Trade Off Post Processing

Perform "What If" scenarios.

Perform "What If" Scenarios

Perform "What If" scenarios with interactive response surface tools in the Trade-Off post process tab.

  1. From the Post Processing step, click the Trade-Off tab.
  2. From the Channel selector, select the output response(s) to analyze in the Output Table.
  3. Analyze the effect on inputs vs. outputs.
    OptionDescription
    Modify the values of input variables to see their effect on output response approximations

    In the Inputs pane, change each input variable by moving the slider in the first Value column, or by entering a value into the second Value column.

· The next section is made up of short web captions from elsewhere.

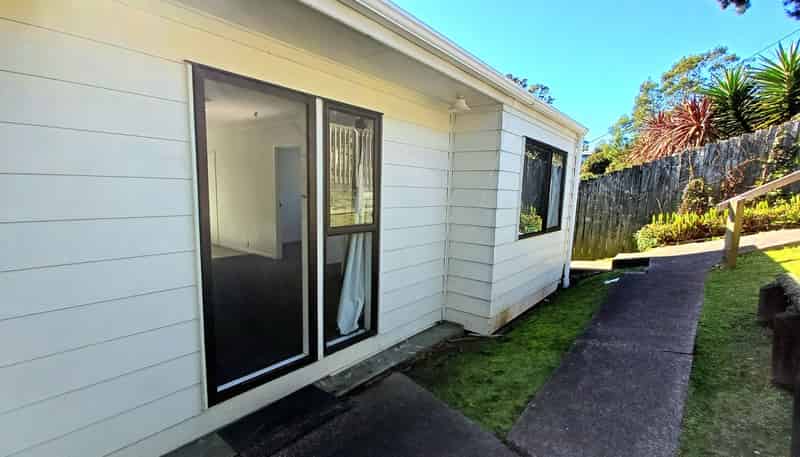 A/28 Sunnyside Road, Sunnyvale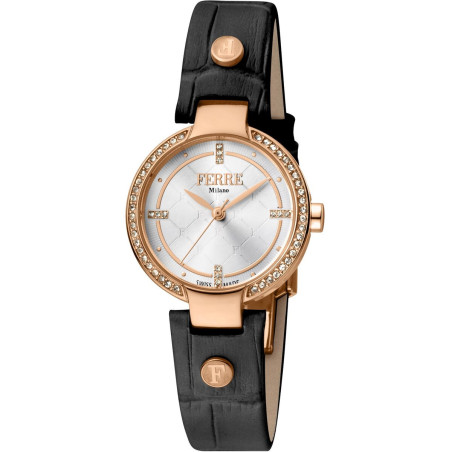 Ladies' Watch Ferre Milano FM1L139L0031 (Ø 19 mm)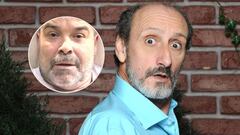 ‘La que se avecina’ estuvo a punto de terminar como ‘Los Serrano’: así habría conectado con ‘Aquí no hay quien viva’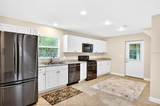 4940 Fort King Street - Photo 41
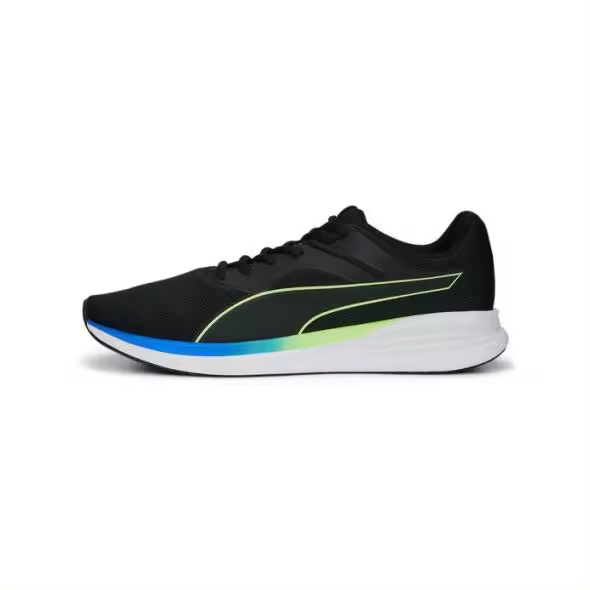 Zapatillas Puma 377028 17 - 1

    Set input variables to their initial, minimum, or maximum values by moving the slider in the upper right-hand corner of the Inputs frame.
    Figure 1.


    Plot the effect of input variables on output response approximations
    In the Inputs pane, select an input variable to plot by selecting its corresponding X Axis and/or Y Axis checkbox.
    • Create a 2D trade-off by enabling the X Axis checkbox.
      Figure 2.


    • Create a 3D trade off by enabling X Axis and Y Axis checkboxes.
      Figure 3.


    The output responses selected with the Channel selector are plotted.

    The values for the input variables which are not plotted can be modified by moving the sliders in the Value column to modify the other input variables, while studying the output response throughout the design space.

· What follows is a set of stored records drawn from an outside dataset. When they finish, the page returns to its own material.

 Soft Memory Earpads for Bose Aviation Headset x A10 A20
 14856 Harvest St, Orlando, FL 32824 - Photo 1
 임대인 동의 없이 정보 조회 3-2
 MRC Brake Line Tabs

For the given values of the input variables, the output responses’ predictions are calculated by the Fit, and displayed in the Output Plot pane. Table shading is used to indicate the output response’s value between the minimum and maximum values contained in the input design matrix. When shading extends into either the Sample Min or Sample Max column, this indicates that the predicted value is beyond the bounds contained in the input matrix. If the shading extends significantly into these regions, it is suggested that you asses the validity of this value based on experience and knowledge of the modeled problem.

The Quality column is provided as a measure to assess both the accuracy and trust in the Fit at a specific point in the design space. Both global and local metrics are combined to create a metric that runs between 0 and an Upper Bound limited by the Fit’s R^2 value. The quality will be highest at points inside the convex hull formed around the Fit’s input points, where the predictive model has been trained to explain variance in the data. The quality metric decreases proportional to the distance outside the convex hull as the predictions at these points becomes less reliable, partially due to the values increasing based on an extrapolation of the data.
Tip: In a 2D trade-off the metrics shown in the Quality column can be plotted alongside the output response curve by selecting Fit Quality from the menu that displays when you click (located in the Output Plot pane).
Configure the Trade Off tab's display settings by clicking (located in the top, right corner of the work area). For more information about these settings, refer to Trade-Off Tab Settings.

Trade-Off Tab Settings

Settings to configure the results displayed in the Trade-Off post processing tab.

Access settings from the menu that displays when you click (located in the Output Plot pane).
Fit
Display the predicated curve (2D plot) or surface (3D plot) of the Fit.
Fit Quality
Plot the estimated quality (value shown in the Quality column) alongside the output response curve.
Input Matrix
Display the scatter points of the Input matrix.
Testing Matrix
Display the scatter points of the Testing matrix.
# samples
Change the number of discretized points used when drawing the trade-off (2D plot) or surface (3D plot).
Note: Increasing this number will result in a smoother representation, which could be at the cost of interface responsiveness.
Discrete Surface Contour
Display a discrete color profile of the surface. Disable this checkbox to display a blended color profile of the surface (3D plot).
Mesh lines
Display a visual projection of the samples' mesh grid lines onto the surface (3D plot).